Рассказ о жизни и делах молодежи Русского Зарубежья в Европе в годы Второй мировой войны, а также накануне войны и после нее: личные воспоминания, подкрепленные множеством документальных ссылок. Книга интересна историкам молодежных движений, особенно русского скаутизма-разведчества и Народно-Трудового Союза, историкам Русского Зарубежья, историкам Второй мировой войны, а также широкому кругу читателей, желающих узнать, чем жила русская молодежь по другую сторону фронта войны 1941-1945 гг. Издано при участии Posev-Frankfurt/Main.


Актеры

ОТ АВТОРА Мои дорогие читатели, особенно театральная молодежь! Эта книга о безымянных тружениках русской сцены, русского театра, о которых история не сохранила ни статей, ни исследований, ни мемуаров. А разве сражения выигрываются только генералами. Простые люди, скромные солдаты от театра, подготовили и осуществили величайший триумф русского театра. Нет, не напрасен был их труд, небесследно прошла их жизнь. Не должны быть забыты их образы, их имена. В темном царстве губернских и уездных городов дореволюционной России они несли народу свет правды, свет надежды.


Сергей Дягилев

В истории русской и мировой культуры есть период, длившийся более тридцати лет, который принято называть «эпохой Дягилева». Такого признания наш соотечественник удостоился за беззаветное служение искусству. Сергей Павлович Дягилев (1872–1929) был одним из самых ярких и влиятельных деятелей русского Серебряного века — редактором журнала «Мир Искусства», организатором многочисленных художественных выставок в России и Западной Европе, в том числе грандиозной Таврической выставки русских портретов в Санкт-Петербурге (1905) и Выставки русского искусства в Париже (1906), организатором Русских сезонов за границей и основателем легендарной труппы «Русские балеты».

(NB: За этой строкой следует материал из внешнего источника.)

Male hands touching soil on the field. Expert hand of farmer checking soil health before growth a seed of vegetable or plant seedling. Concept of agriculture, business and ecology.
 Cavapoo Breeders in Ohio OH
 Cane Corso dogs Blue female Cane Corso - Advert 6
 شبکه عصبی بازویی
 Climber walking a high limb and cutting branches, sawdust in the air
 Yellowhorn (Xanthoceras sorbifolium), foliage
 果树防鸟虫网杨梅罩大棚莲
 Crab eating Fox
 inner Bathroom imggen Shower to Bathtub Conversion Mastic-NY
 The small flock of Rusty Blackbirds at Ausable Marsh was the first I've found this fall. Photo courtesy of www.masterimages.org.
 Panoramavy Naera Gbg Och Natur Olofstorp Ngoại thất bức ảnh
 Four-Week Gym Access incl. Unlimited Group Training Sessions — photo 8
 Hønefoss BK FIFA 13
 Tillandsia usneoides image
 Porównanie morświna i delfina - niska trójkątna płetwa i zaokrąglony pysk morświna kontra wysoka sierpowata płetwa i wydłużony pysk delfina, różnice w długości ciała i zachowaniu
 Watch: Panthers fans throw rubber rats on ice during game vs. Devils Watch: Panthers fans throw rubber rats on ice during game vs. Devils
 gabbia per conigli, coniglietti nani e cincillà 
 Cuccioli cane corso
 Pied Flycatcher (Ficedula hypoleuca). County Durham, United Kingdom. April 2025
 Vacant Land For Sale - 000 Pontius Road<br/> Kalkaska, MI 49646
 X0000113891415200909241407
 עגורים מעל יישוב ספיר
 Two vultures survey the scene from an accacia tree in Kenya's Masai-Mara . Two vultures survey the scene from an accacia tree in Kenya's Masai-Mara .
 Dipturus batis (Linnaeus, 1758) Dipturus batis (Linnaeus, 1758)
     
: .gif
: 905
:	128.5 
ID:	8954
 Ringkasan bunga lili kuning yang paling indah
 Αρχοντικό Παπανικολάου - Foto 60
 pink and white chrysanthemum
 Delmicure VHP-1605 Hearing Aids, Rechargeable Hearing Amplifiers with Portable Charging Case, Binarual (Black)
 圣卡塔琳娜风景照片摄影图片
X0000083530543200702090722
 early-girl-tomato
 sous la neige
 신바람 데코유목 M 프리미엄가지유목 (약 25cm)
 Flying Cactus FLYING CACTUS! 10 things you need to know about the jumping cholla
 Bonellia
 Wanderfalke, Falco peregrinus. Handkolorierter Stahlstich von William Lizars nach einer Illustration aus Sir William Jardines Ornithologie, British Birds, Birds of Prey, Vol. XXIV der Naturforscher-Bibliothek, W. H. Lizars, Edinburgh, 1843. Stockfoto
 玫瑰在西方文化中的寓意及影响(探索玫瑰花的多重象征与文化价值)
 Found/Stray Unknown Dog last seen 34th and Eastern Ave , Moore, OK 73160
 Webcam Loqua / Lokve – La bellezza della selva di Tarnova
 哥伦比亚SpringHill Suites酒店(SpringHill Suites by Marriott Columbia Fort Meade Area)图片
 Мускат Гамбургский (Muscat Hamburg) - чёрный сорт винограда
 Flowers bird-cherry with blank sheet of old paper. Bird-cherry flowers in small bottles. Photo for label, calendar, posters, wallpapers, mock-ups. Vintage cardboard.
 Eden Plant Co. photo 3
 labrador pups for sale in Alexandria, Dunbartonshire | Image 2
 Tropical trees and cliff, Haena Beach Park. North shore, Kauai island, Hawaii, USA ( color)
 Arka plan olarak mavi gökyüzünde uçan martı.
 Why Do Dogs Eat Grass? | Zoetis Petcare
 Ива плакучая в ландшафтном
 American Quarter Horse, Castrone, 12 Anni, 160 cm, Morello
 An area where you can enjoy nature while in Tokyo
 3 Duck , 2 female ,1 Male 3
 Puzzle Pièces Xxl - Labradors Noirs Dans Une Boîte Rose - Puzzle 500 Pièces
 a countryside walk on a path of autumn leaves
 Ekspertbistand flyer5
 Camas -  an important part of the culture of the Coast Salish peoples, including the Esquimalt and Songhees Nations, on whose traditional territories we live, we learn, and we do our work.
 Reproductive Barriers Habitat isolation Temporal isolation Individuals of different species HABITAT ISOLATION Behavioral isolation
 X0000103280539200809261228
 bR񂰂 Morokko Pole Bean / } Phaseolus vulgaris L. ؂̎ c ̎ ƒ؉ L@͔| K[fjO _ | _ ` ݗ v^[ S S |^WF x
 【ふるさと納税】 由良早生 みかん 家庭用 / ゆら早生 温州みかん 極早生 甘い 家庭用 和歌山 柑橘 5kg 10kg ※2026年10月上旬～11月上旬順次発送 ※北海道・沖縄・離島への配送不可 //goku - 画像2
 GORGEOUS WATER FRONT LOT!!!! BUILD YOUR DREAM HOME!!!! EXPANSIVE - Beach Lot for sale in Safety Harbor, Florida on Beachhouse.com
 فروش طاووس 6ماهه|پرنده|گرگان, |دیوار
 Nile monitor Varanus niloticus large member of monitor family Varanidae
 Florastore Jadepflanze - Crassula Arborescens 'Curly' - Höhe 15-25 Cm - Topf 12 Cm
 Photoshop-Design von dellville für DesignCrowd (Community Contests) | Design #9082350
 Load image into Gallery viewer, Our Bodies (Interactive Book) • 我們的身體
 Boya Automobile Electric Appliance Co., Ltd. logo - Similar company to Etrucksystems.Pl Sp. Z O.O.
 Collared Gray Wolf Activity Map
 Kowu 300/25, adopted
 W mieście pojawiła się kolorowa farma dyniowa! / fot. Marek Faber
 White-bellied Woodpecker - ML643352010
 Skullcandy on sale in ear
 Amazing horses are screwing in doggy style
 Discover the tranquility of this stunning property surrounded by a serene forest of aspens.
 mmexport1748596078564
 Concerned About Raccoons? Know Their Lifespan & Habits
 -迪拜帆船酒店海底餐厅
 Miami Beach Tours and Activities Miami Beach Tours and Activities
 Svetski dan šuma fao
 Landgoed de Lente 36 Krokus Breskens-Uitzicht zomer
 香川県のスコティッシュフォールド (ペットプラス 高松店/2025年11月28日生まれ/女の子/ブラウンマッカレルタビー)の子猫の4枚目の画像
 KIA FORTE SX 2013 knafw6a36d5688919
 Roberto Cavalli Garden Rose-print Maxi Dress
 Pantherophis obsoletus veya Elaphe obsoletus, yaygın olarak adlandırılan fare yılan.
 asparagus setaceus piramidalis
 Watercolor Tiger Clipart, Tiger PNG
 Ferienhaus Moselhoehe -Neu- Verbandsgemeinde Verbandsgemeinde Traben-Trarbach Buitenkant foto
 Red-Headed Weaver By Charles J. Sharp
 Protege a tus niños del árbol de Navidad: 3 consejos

Путеводитель потерянных. Документальный роман

Более тридцати лет Елена Макарова рассказывает об истории гетто Терезин и курирует международные выставки, посвященные этой теме. На ее счету четырехтомное историческое исследование «Крепость над бездной», а также роман «Фридл» о судьбе художницы и педагога Фридл Дикер-Брандейс (1898–1944). Документальный роман «Путеводитель потерянных» органично продолжает эту многолетнюю работу. Основываясь на диалогах с бывшими узниками гетто и лагерей смерти, Макарова создает широкое историческое полотно жизни людей, которым заново приходилось учиться любить, доверять людям, думать, работать.


Герои Сталинградской битвы

В ряду величайших сражений, в которых участвовала и победила наша страна, особое место занимает Сталинградская битва — коренной перелом в ходе Второй мировой войны. Среди литературы, посвященной этой великой победе, выделяются воспоминания ее участников — от маршалов и генералов до солдат. В этих мемуарах есть лишь один недостаток — авторы почти ничего не пишут о себе. Вы не найдете у них слов и оценок того, каков был их личный вклад в победу над врагом, какого колоссального напряжения и сил стоила им война.


Гойя

Франсиско Гойя-и-Лусьентес (1746–1828) — художник, чье имя неотделимо от бурной эпохи революционных потрясений, от надежд и разочарований его современников. Его биография, написанная известным искусствоведом Александром Якимовичем, включает в себя анекдоты, интермедии, научные гипотезы, субъективные догадки и другие попытки приблизиться к волнующим, пугающим и удивительным смыслам картин великого мастера живописи и графики. Читатель встретит здесь близких друзей Гойи, его единомышленников, антагонистов, почитателей и соперников.